**What is expected:** Retype only the lines that run from the top of the material below to the line bearing "This naming convention", inclusive, and keep the pictures out.
[Opening Information provided section]
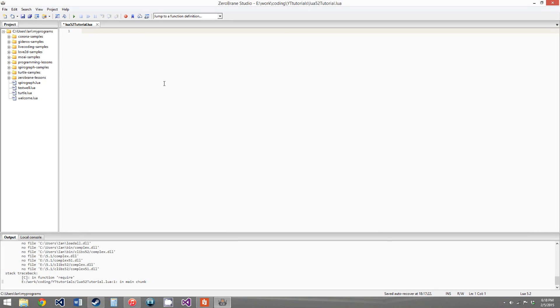Hello everybody, this is Cartmigold the Cat, and welcome to your 15th Lua 5.2 tutorial. In this video, we'll be going over the last two metamethods that we didn't go over in our object-oriented programming and metatables tutorial.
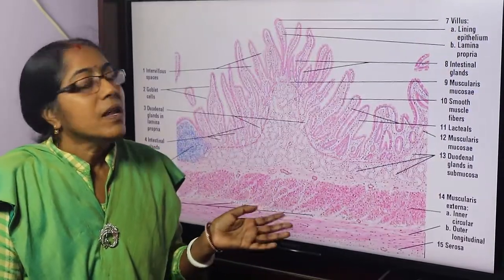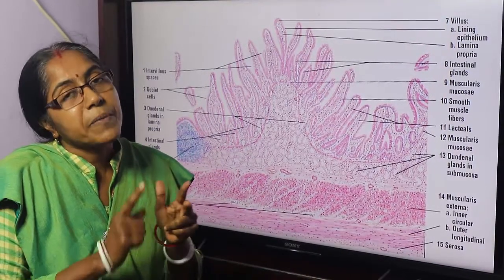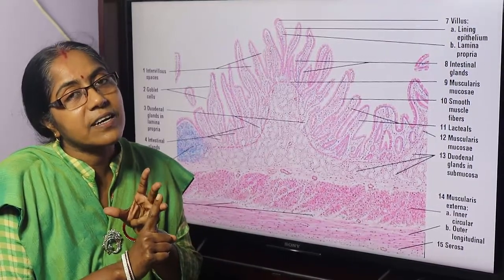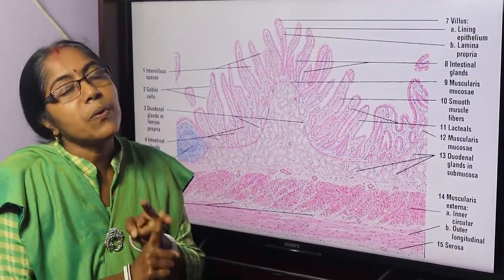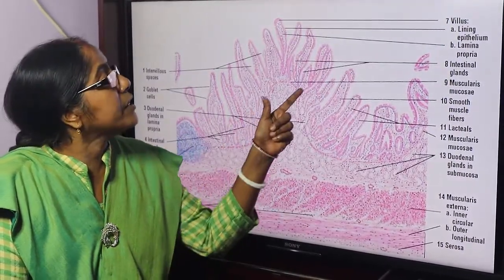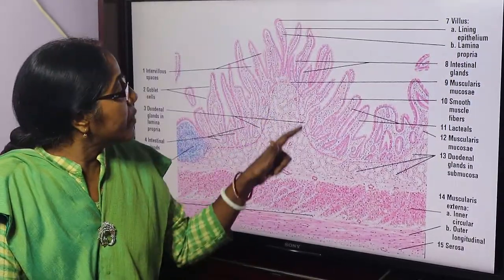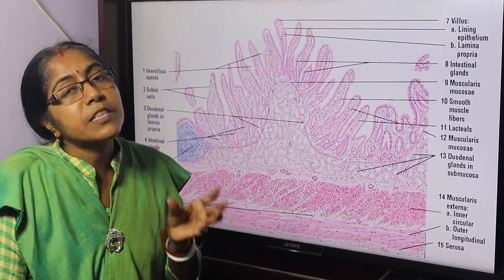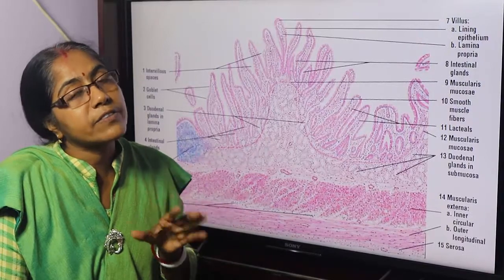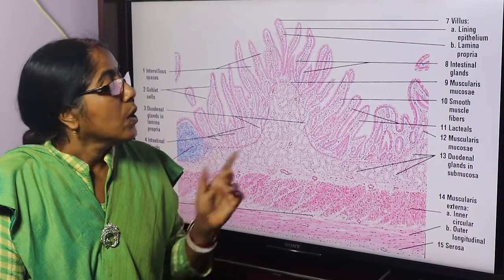First, the wall of the section consists of four parts. From inner to outer: mucosa, submucosa, muscularis externa, and serosa. Number two, mucosa is lined by simple columnar epithelium and shows numerous villi. Number three, submucosa is packed with Brunner's glands. Number four, muscularis externa is composed of outer longitudinal and inner circular layers.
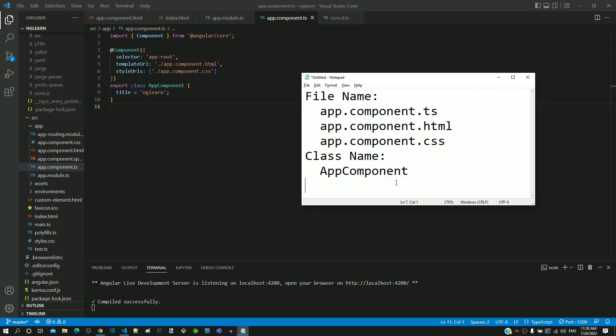This naming convention is not specific to components but in general for Angular. I hope this explanation clarifies all questions related to app.component.ts. In the next video, we will understand about app.module.ts.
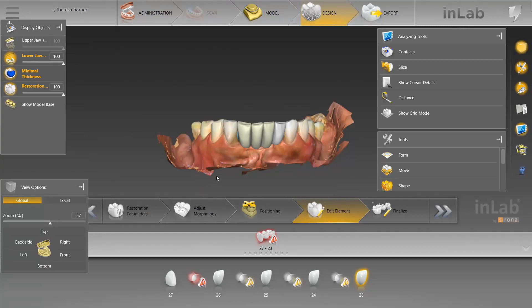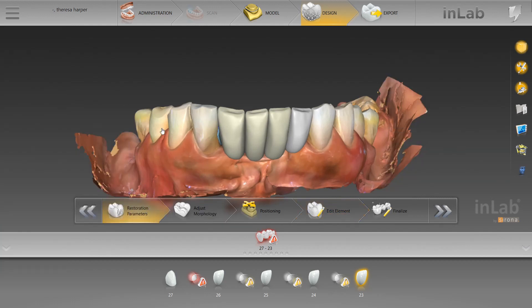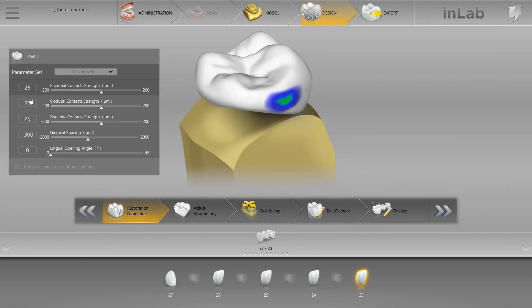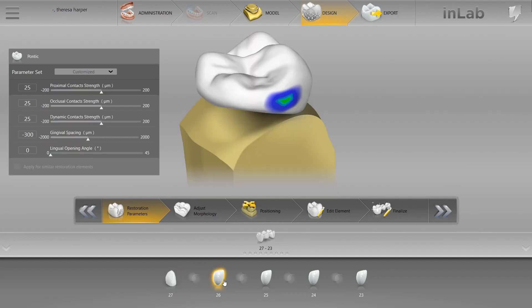Hey everyone, I see this pretty often when doing a digital diagnostic wax-up. Your case or your wax-up in the in-lab software, you've done everything that you're supposed to do. You've got all of your parameters set to zero, you've unchecked consider instrument geometry, remove undercuts, you've done all that.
[Closing Information provided section]
**Output:**
Hello everybody, this is Cartmigold the Cat, and welcome to your 15th Lua 5.2 tutorial. In this video, we'll be going over the last two metamethods that we didn't go over in our object-oriented programming and metatables tutorial.
First, the wall of the section consists of four parts. From inner to outer: mucosa, submucosa, muscularis externa, and serosa. Number two, mucosa is lined by simple columnar epithelium and shows numerous villi. Number three, submucosa is packed with Brunner's glands. Number four, muscularis externa is composed of outer longitudinal and inner circular layers.
This naming convention is not specific to components but in general for Angular. I hope this explanation clarifies all questions related to app.component.ts. In the next video, we will understand about app.module.ts.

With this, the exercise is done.